- October 21, 2014
- Posted by: email@example.com
- Category: Leadership and People
I don’t know why it took me so long to realize that one of the greatest qualities of a leader is the ability to learn and use the art of delegation. Like so many who find themselves in charge of something, I bought into the old proverb, “if you want something done right then do it yourself!” As a leader, this can be deadly.
If you’re a Type A personality, you have a need to stay on top of all the key details of what’s happening in your business – it’s what you feel is a necessary part of being in charge. While many CEOs and executives at mid-market companies have succeeded in part due to their Type A personality traits, there’s a clear point where those traits can work against you.
The problem occurs most noticeably when there is a need for delegation.

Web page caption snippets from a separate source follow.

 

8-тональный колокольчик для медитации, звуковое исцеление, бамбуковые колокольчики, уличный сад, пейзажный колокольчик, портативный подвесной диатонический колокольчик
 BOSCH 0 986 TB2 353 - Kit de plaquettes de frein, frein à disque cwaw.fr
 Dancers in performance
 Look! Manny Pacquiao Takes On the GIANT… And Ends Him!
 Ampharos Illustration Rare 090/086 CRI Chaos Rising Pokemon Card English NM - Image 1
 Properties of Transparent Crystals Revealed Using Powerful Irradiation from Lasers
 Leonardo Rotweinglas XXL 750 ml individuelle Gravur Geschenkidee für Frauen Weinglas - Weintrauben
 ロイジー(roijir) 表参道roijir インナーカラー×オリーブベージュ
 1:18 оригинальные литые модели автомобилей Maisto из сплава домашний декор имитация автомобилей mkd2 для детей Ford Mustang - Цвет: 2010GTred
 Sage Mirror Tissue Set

Delegation Takes Conscious Effort
Early in my career, I wasn’t good at delegating. I preferred to do the work myself. As I became a more experienced CEO and surrounded myself with more and more capable people, I became more comfortable (although still cautious and reluctant) with delegating key tasks. My natural tendency to perform the work myself had not changed, so it was a constant, intentional effort to delegate as much as possible.
And I slowly came to realize an important lesson: a lack of delegation was actually hindering my ability to lead.

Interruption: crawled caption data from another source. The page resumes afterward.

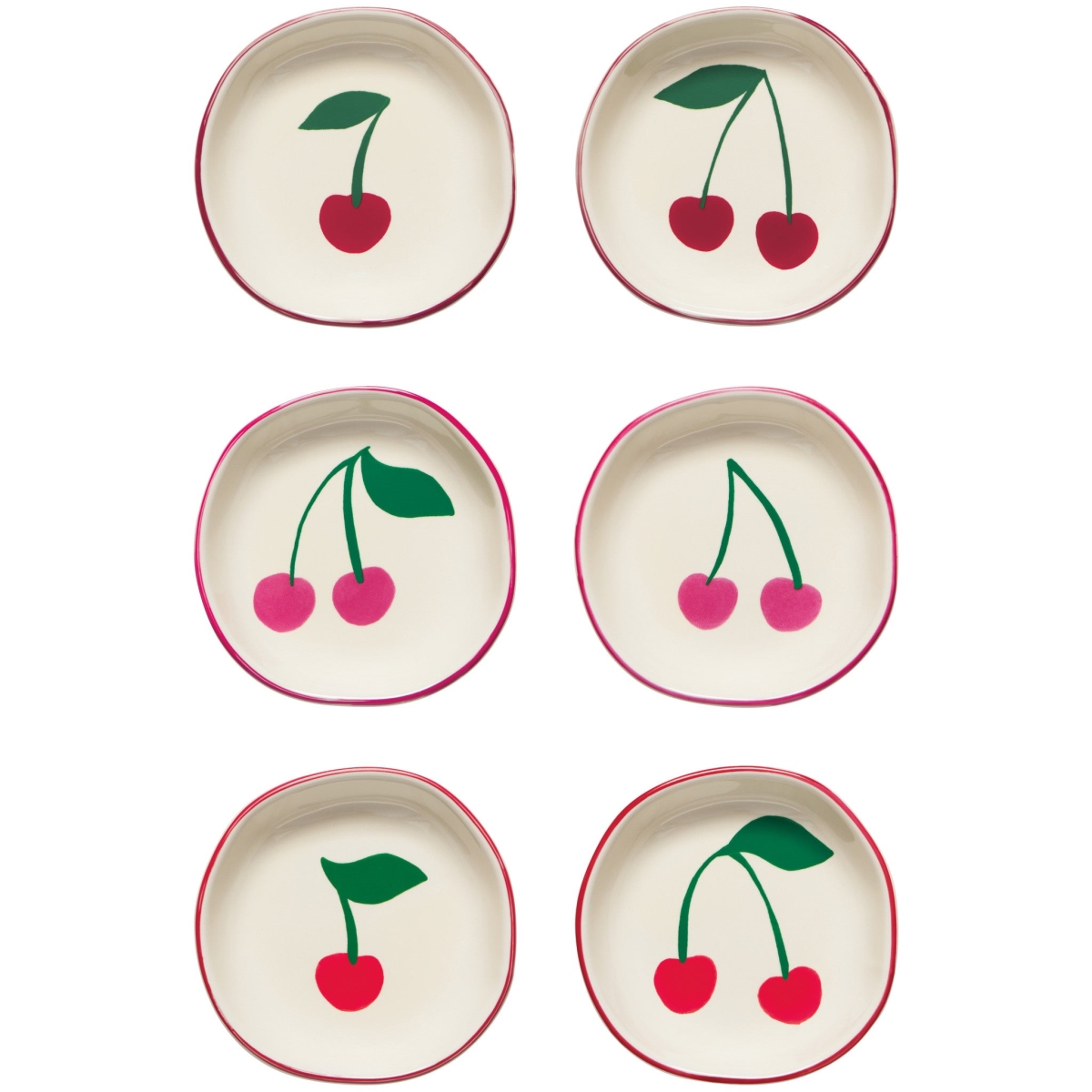 Picture of Danica Brands JBO3156D 2 oz Very Cherry Pinch Bowls - Assorted Color, Set of 6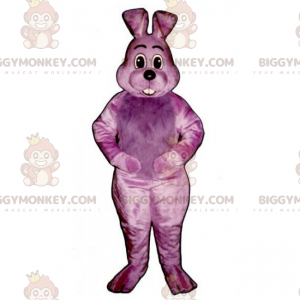 Costume de mascotte BIGGYMONKEY™ de lapin violet -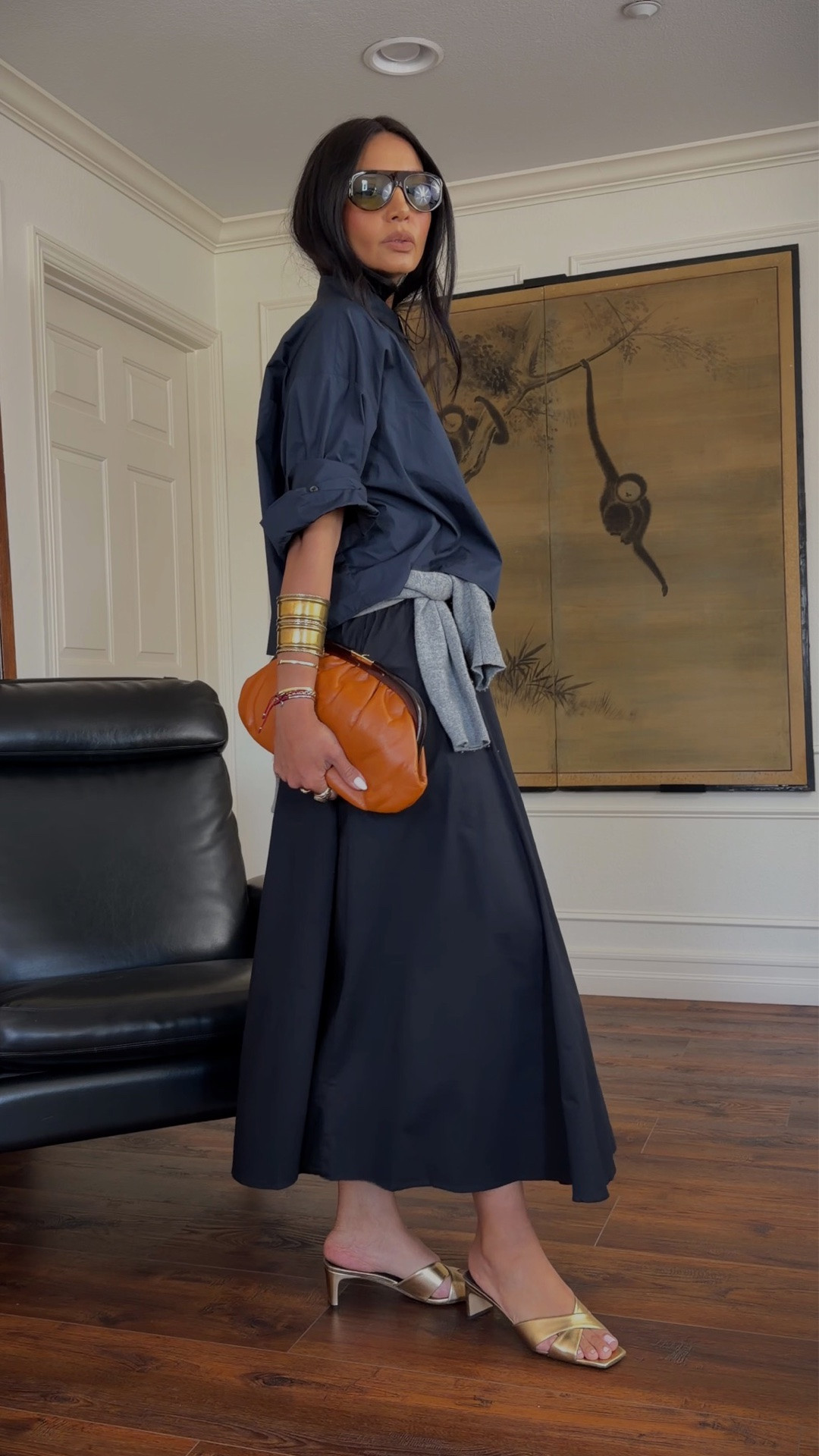 Skirt and glasses are from previous season, but I’ve linked similar pieces available now. Wearing M/L in the top. Sandals fit true to size.

#LTKdayinmylife #LTKootd #LTKOver40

The Problem with Micromanaging
What does delegation mean?
It means giving my colleagues enough freedom to complete their work without my constant oversight and micromanagement.

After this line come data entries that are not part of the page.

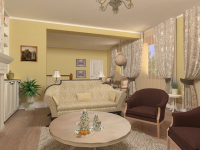 Гостиная в частном коттедже 1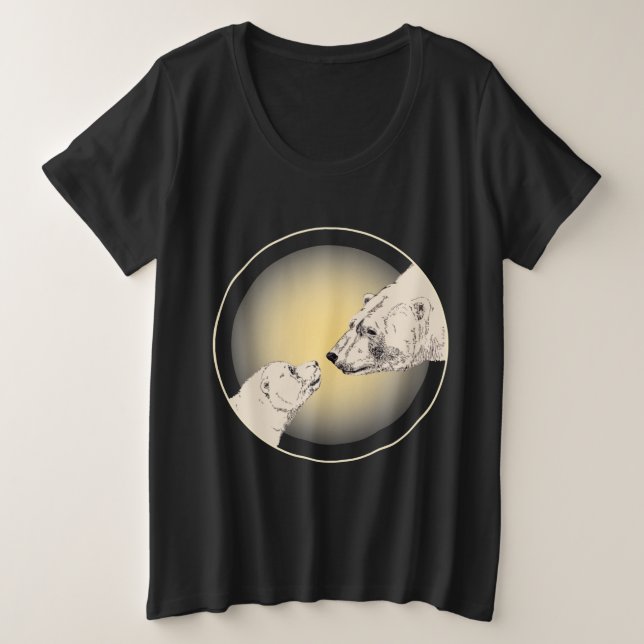 T-shirts taille plus Ours polaires pour femmes (Design devant)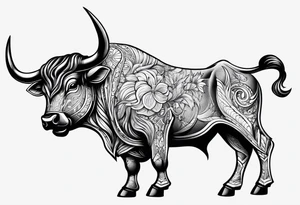 bull tattoo idea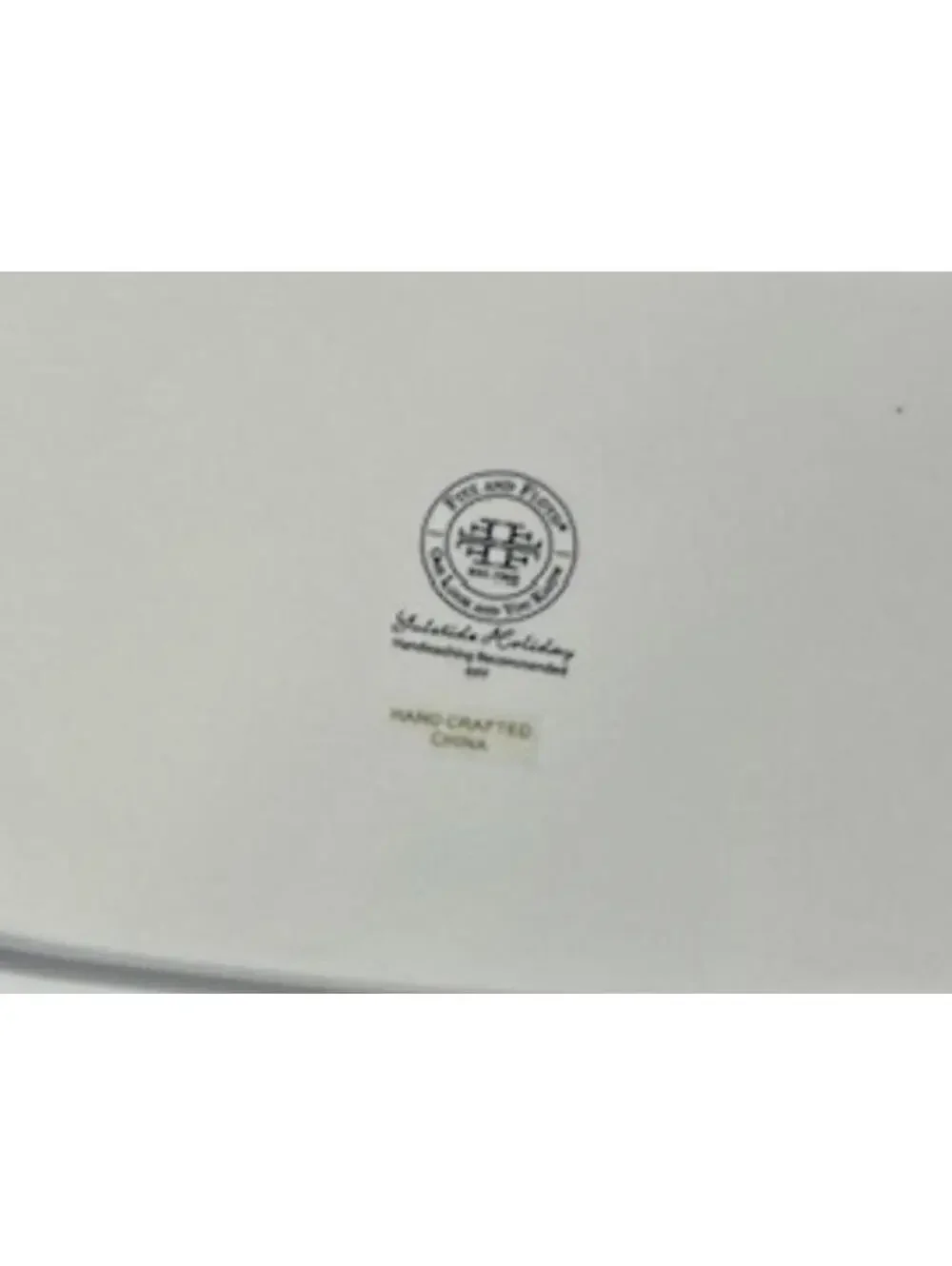 Fitz & Floyd Christmas Holiday Decorative Serving Tray Plate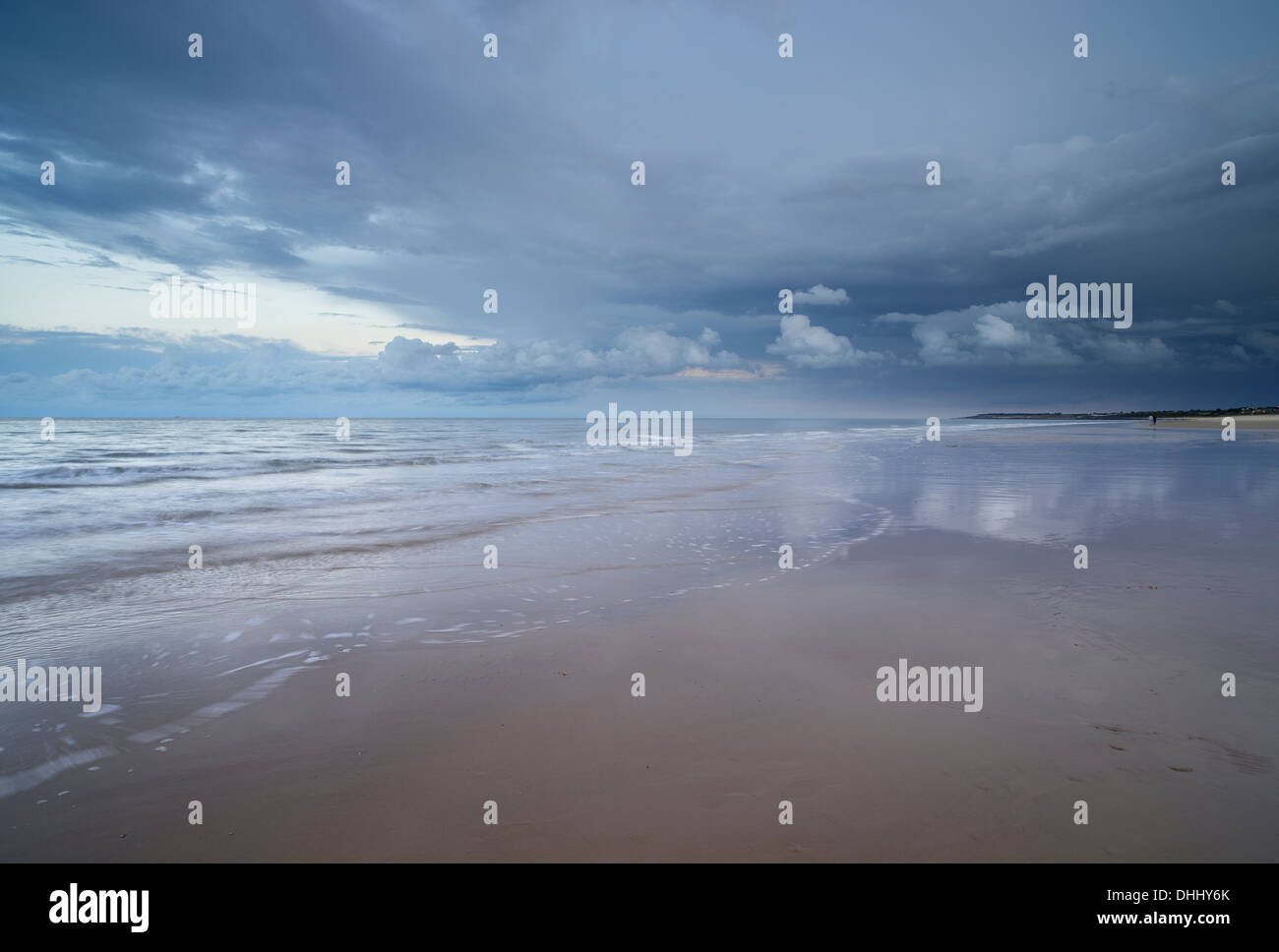 Gorleston on Sea beach on the East Coast of Norfolk, England Stock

Sounds simple, right? But that’s not always an easy thing for a Type A individual. We’re ambitious, organized, impatient high achievers that are focused more on the result than how we get to it. So our natural tendency is to make sure things are done the way that we think they should be done.
And that can work against our ability to lead.
It’s a Management 101 concept, but it’s very common in the mid-market. Generally nobody – especially management level people – likes to be micromanaged. Studies show that workers are happier and more productive when they’re given the autonomy to complete their work without constant, unnecessary and burdensome oversight.
When we micromanage members our team – from the front-line workers to our executive colleagues – we end up creating the perception that we’re questioning their skills, expertise and ability. They begin to resent us, and will eventually leave us for a better work environment.
If you’re a Type A with quality people on your team, rein in your natural personality tendencies and give them the space to complete their work on their own. Sometimes, that means allowing them to fail so that they can learn and improve.
This builds trust and allows them to develop their skills. They’ll be happier and more willing to follow your lead. It’s a short-term sacrifice from you that will provide long-term benefits for your career and your company.
As I’ve moved into my 40th year of work, and 25th as a CEO, I’ve also come to realize that no one looks back on their career and wishes they had done more. In every case, when interviewing retired CEOs, they tell me the single biggest thing they would have changed about their style was the understanding of how to delegate more.
Someone explained it to me this way, which really makes sense: As a leader I’m the coach; I set the strategy and call the plays, but the players have to execute.